12 Nov

What are some things that every entrepreneur should know, but that nobody teaches, when starting their first business?

This is the dark side of things you have to know. Starting a business for the first time is not for the weak-hearted. The fact of the matter is, lot of darkness is behind every startup story, people hate to share or talk about it. Here is a list of some must-know dark topics:

  • Expect no one to support you and everyone to ridicule and demotivate you. If you get any support, be thankful for it. People are stuck in the job mentality.
  • There is no prestige in it. Heck, even when your daily income is more than the whole cabinet of minister’s salaries combined, they will still think of a minister as someone better than you. Heck, a low-level section manager has more prestige than you. Never get sucked into showing off your wealth for respect, it’s futile.
  • Everything that will go wrong will go wrong. Have a plan B as good as plan A.
  • Never share your failures with anyone. There, I told you, the crowd is dying to hear it.
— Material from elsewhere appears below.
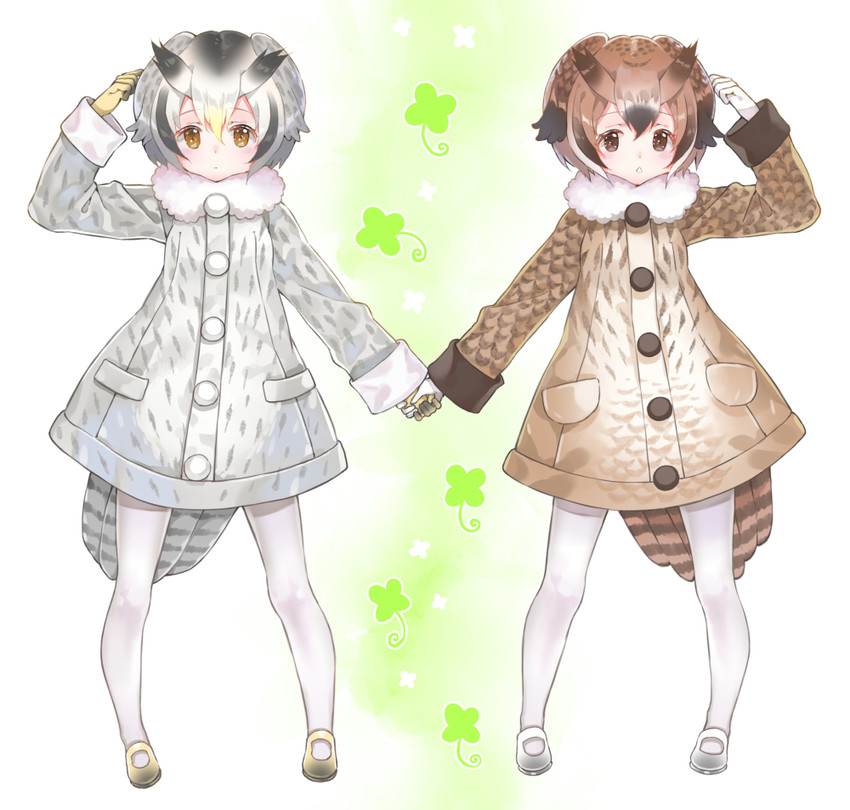 northern white-faced owl and eurasian eagle owl (kemono friends) drawn by shiosoda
Share only your success because it will also reflect on your future investor’s opinion about you.
  • You have a 50/50 chance of failure, no matter how good your plans are. So be prepared to fail, for success, no other preparation is required.
  • Never take a debt it will slow you down, try again if you failed.
  • Never ask friends and family for investment or loan. You will probably lose it, and they will distract you from doing your thing. Don’t burn bridges.
  • Try to do your first business in secret until you succeed. Because people don’t trust a person who fails a lot. Neither the investors whom you may need in the future.
  • Do something you enjoy because everyone is motivating you and this is the only way to stay motivated.
  • Be kind to your employees but don’t try to be their friend, they will use you. Besides, when they screw up, you will need to fire them swiftly.
  • Make time for your family, friends, social life and hobbies, otherwise you will exhaust yourself. Remember that you are the cornerstone of your business and it will fall when you do.
  • Be really careful to your customers because bad reviews cannot be deleted from the internet.
  • Everyone wants a piece of your new income, from your mom to your friends, even after they ridiculed you. Do not help anyone. Remember airplane’s emergency instructions, help yourself, then help others. Don’t help anyone on account of your business. Learn to say NO.
  • Again everyone wants a piece of you, from your staff to your suppliers, to your customers, even the government. Protect yourself from disclaimers to contracts.
  • Never cheat your way into anything, sooner or later it will bite you in the ass. Your enemies and competitors will use it against you. Be as ethical and legal as a proper person should be.

You better learn now, than learn it the hard way.

12 Nov

What is the best advice for a young, first-time startup CEO?

Welcome to the world of business, may your journey embark fruitfully.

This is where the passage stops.